Çok kimse, kibirli olduğunun farkında değildir. Bunun için, kibrin alâmetlerini bilmek lâzımdır, içeri girince, herkesin kendi için ayağa kalkmalarını sever. Yalnız olarak yürümeyip, arkasından başkalarının da gelmesini istemek. Yahut kendisi hayvan üstünde, talebelerinin yerde gitmelerini sevmek de kibir alâmetidir. Resûlullah ( aleyhisselâm ), Medine’nin Bâki’ kabristanına gidiyordu. Birkaç kişi görüp, arkasından geldiler. Durarak, öne geçmelerini emir buyurdu. Arkalarından yürüdü. Sebebi soruldukda; “Ayak sesini işittim. Kalbime kibirden bir zerre gelmemesi için böyle yaptım” buyurdu. (Kendisine kibir gelmez. Eshâbına ders vermek için böyle yaptı. Ebüdderdâ diyor ki: “Kibirli kimsenin arkasında yürüyenlerin sayısı arttıkça bunun Allahdan uzaklaşması da artar.”)

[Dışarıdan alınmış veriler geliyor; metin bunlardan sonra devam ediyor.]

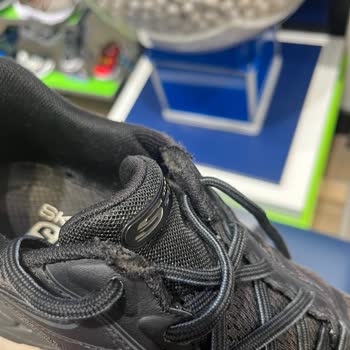 Skechers Ayakkabısı 10 Ayda Kullanılamaz Hale Geldi Ve İnceleme Sonrası Daha Da Bozuldu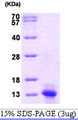CCL2 / MCP1 Protein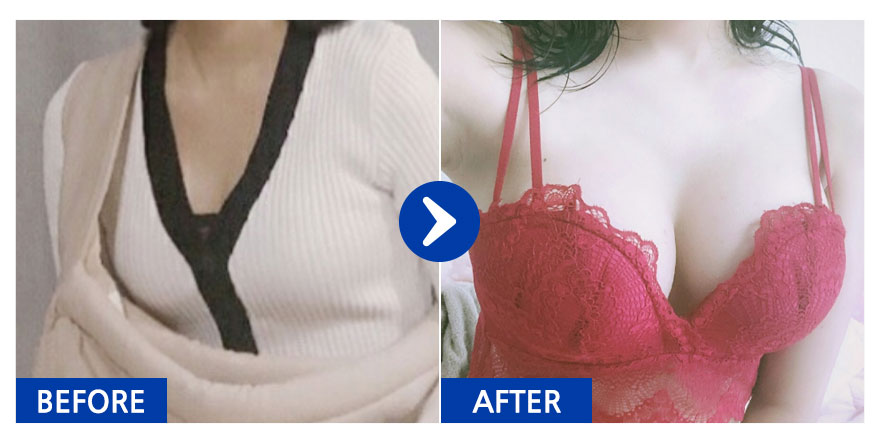 [강남언니] 가슴성형/ 2개월차/ 닉네임:치즈마니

Üzerinde hakkı bulunanları, ya’nî tanıdıklarını ziyâret etmemek de kibir alâmetidir. (Kendinden aşağı olanları ziyâret etmek tevâzu alâmetidir.)

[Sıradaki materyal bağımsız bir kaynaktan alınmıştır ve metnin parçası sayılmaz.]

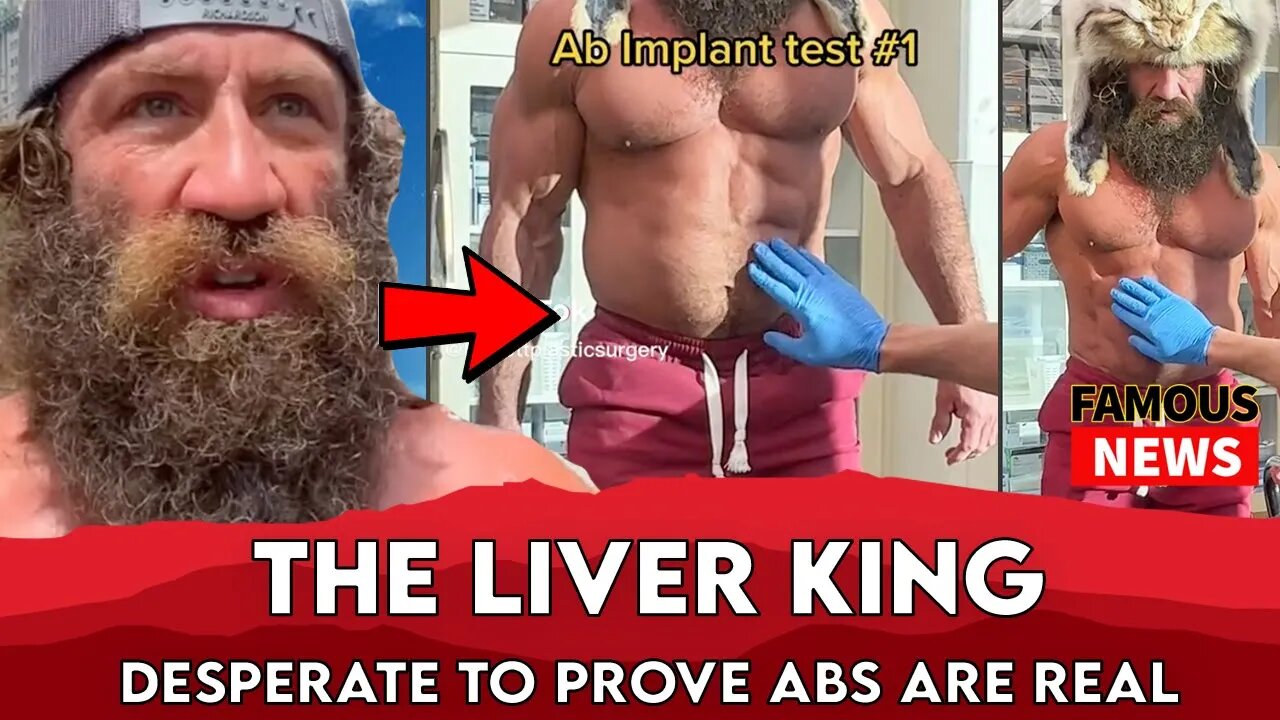 Does The L1ver King Have Ab Implants? | Famous News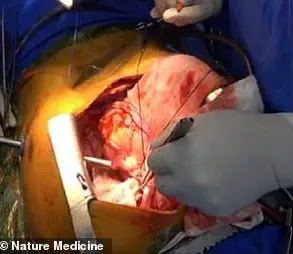 Behind Closed Doors: First Pig Lung Transplant into Human Highlights Limited Access to Xenotransplantation Milestone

Yanına başkasının oturmasını istememek ve hastalarla birlikte oturmamak, evinin işini yapmamak, evine lâzım olan şeyleri satın alıp evine getirmemek ve kullanılmış elbisesini tekrar giymek istememek, hep kibir alâmetidir. (İş başında iş elbisesi giymek istememek de böyledir.) Fakirlerin da’vetine gitmeyip, zenginlerin da’vetine gitmek de tekebbürdür. Akrabasının ve çocuklarının muhtaç oldukları şeyleri te’min etmemek ve doğru sözü kabûl etmeyip münâkaşa etmek, kusûrunu, kabahatini bildirenlere teşekkür etmemek, herkesin yanında olursa riya olur. Hem yalnız iken hem de başkalarının yanında yaparsa kibir olur.

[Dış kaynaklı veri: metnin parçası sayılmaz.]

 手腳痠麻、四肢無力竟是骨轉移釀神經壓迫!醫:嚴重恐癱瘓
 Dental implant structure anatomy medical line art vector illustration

İsrâf: Malı, dînin ve mürüvvetin uygun görmediği yerlere dağıtmaya (İsrâf) veya (Tebzîr) denir. (Mürüvvet), fâideli olmak, iyilik yapmak arzusudur. (Fütüvvet) daha husûsi ma’nâya gelir ki, kötülük yapmamak, iyilik yapmak ve herkesin utanacak şeylerini örtmek ve kötülükleri affetmektir. Dine uymayan isrâf, haramdır. Mürüvvete uymayan isrâf, tenzîhen (hafif, az) mekrûhdur.

İsrâfın kötülüğü ve zararları: İsrâfın haram olduğu muhakkaktır. Kalbin hastalığıdır. Kötü bir huydur. Dînimizin, hasisliği ve cimriliği isrâftan daha çok kötülemesi, isrâfin cimrilik kadar kötü olmadığını göstermez. Hasisliğin daha çok kötülenmesi, insanların çoğu yaradılıştan mal biriktirmeği sevdiği içindir. Bunun gibi, âlimlerimiz, idrarın şaraptan daha pis ve daha çok haram olduğunu söyledikleri hâlde, dînimiz bevli, şarap kadar kötülememiş, şarap içenlere, ceza olarak seksen sopa vurulması emr edildiği hâlde, bevl için ceza emir edilmemiştir. Çünkü, insanlar şarap içmeğe düşkün oluyor, idrar içmek ise, kimsenin hatırına gelmiyor. İsrâfın kötülüğünü göstermek için, Allahü teâlânın; “İsrâf etmeyiniz; Allahü teâlâ, isrâf edenleri sevmez” meâlindeki kelâmı yetişir, İsrâ sûresinde de; “Tebzîr etme! Tebzîr edenler, şeytanların kardeşleridir” buyurdu: Şeytanın kardeşi de, şeytan olur. Şeytan isminden daha kötü bir isim yoktur. İsrâfı, bundan daha çok kötüleyen birşey düşünülemez. Allahü teâlâ, mallarını isrâf edenlere birşey vermeyiniz diye emr ederken, bunları en kötü bir isim ile adlandırıyor ve Nisa sûresinde meâlen; “Mallarınızı sefihlere, alçaklara vermeyiniz!” buyuruyor. Kur’ân-ı kerîmde Fir’avn’ı kötülerken; “O, isrâf edenlerden idi.” buyuruyor. Lût aleyhisselâmın kavmini de; “Bilakis siz, isrâf eden kavimsiniz!” diye kötülüyor.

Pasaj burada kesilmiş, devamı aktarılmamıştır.